Second, the same poll found that in the Republican primary, only 58% of Republicans strongly support Trump's renomination (and 77% support his renomination at all), which, given Trump's cult-leader status and 90%+ approval rating within the GOP, is suspect. If this discrepancy is any indication, the Morning Consult results are skewed to the Left by at least 10 points, and that would spell major trouble for Sanders.
Third, although the crosstabs for the poll does not show the breakdown on portion of the sample that was African American, Grim, in his piece, draws attention that the African American numbers are based on a sample of 2,587 black voters. The MC crosstabs do tell us the entire Democratic primary sample for this poll was 12,560 people. Carrying over the one and so forth, that would make the sample 20% African American. In 2016, about 27% of Democratic primary voters were black, and the number is more likely to rise than shrink in 2020.
Combine this under-representation with the likely 10-point Left skew of the entire poll, and things really start to look bleak for St. Bernard.
Fourth, the poll's crosstabs don't actually show the race breakdown for anyone other than Biden and Sanders, so I asked how Grim, err, intercepted this data about Harris' support. Grim replied that Morning Consult gave him numbers that Morning Consult didn't publish, which of course raises more questions: first, where are the numbers for everyone else, what other unpublished information has he got, and why isn't he publishing all of it? And second, what does the fact that Morning Consult won't themselves publish the numbers mean? Is it possible it means those numbers aren't as reliable as the figures they did publish? That's likely the case.
Lastly, what happened to all the other people of color? Another detailed Morning Consult poll actually shows that Bernie Sanders' base - the part of the Left that wants to fight rather than compromise on solutions - is down to just 15% of Democratic voters.
The problem with Bernie-state media is that they are desperate, grasping for straws, to back their preconceived notion that Bernie Sanders' overwhelmingly white following is a result not of his record, his history and his attitude, but of black people's ignorance of what a Savior Bernie Sanders is. Seriously, like, he got a $25 desk ticket for protesting housing discrimination over 50 years ago, and he chained himself to two black women! Two! BLACK! Women! What more do these people want?
The problem that Bernie Sanders has with people of color, is of course, not his outreach. It is his decades long erasure of people of color in this country, from him being part of white flight to the Caucasian paradise of Vermont in the 1960s to his unremarkable 30-year unremarkable career in the US Congress with no legislative accomplishments on race that even Sanders can remember.

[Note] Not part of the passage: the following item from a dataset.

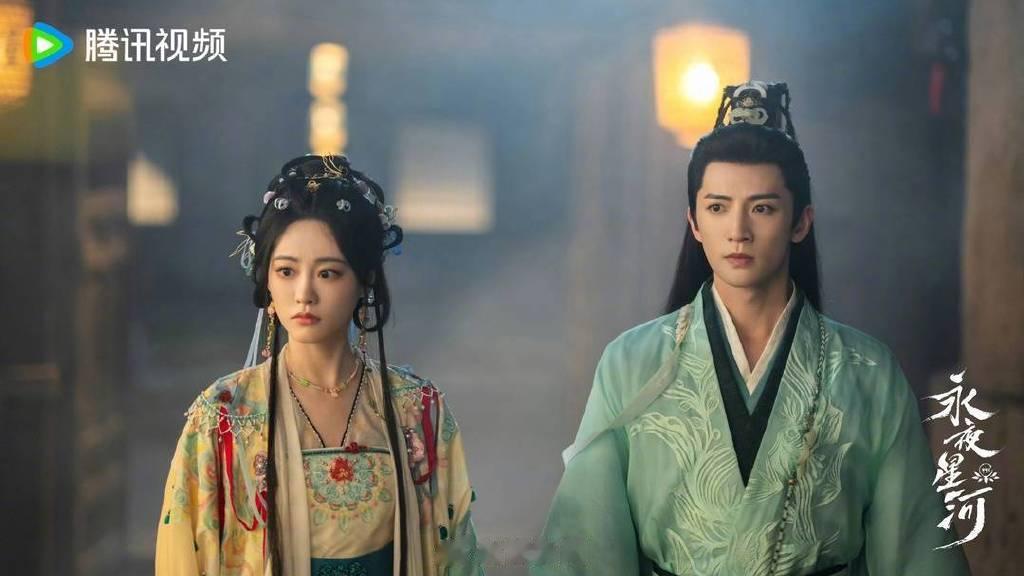《永夜星河》热播:穿书、攻略、捉妖,系统剧还能这么玩?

In fact, when asked about it, Sanders headed straight back for his standard shtick of conflating economic issues with race, baring his belief that race essentially does not exist apart from the economic condition in America.
Bernie Sanders is asked to point to specific legislation he has passed that helps people— Ryan Saavedra (@RealSaavedra) March 4, 2019
He couldn’t come up with any examples pic.twitter.com/GO0mtoLSCS
At that same Breakfast Club interview, Bernie Sanders continued to be confused by the question of reparations, while hyping the people of color newly on his campaign payroll. I guess he has some black friends. Well, at least he has some non-white employees. Which means he totally doesn't have a problem with race the way that Donald Trump is not a misogynist since he employs Kellyanne Conway.
The black-friend defense - and the non-white friend defense more broadly - is embarrassingly common with Bernie Sanders. In order to cover up the fact that he has done nothing specifically on the issues of race, he continues to point to his 1988 endorsement of Jesse Jackson for president, and he continues to put forward Nina Turner - a supporter of Putin-megafan Jill Stein, and Congressman Ro Khanna, who is busy trying to hide the fact that he wants to be Vice President.
But it makes sense why Bernie would do it. First, he actually hasn't done anything on race issues in at least 50 years. Second, he actually believes that economic issues are not simply the most important cause but the only truly important cause.
And finally, he truly and absolutely believes that racism is a personal problem that can be solved by hiring people of color for one campaign rather than a deep, systemic, institutional scar that requires targeted and long term policy solutions.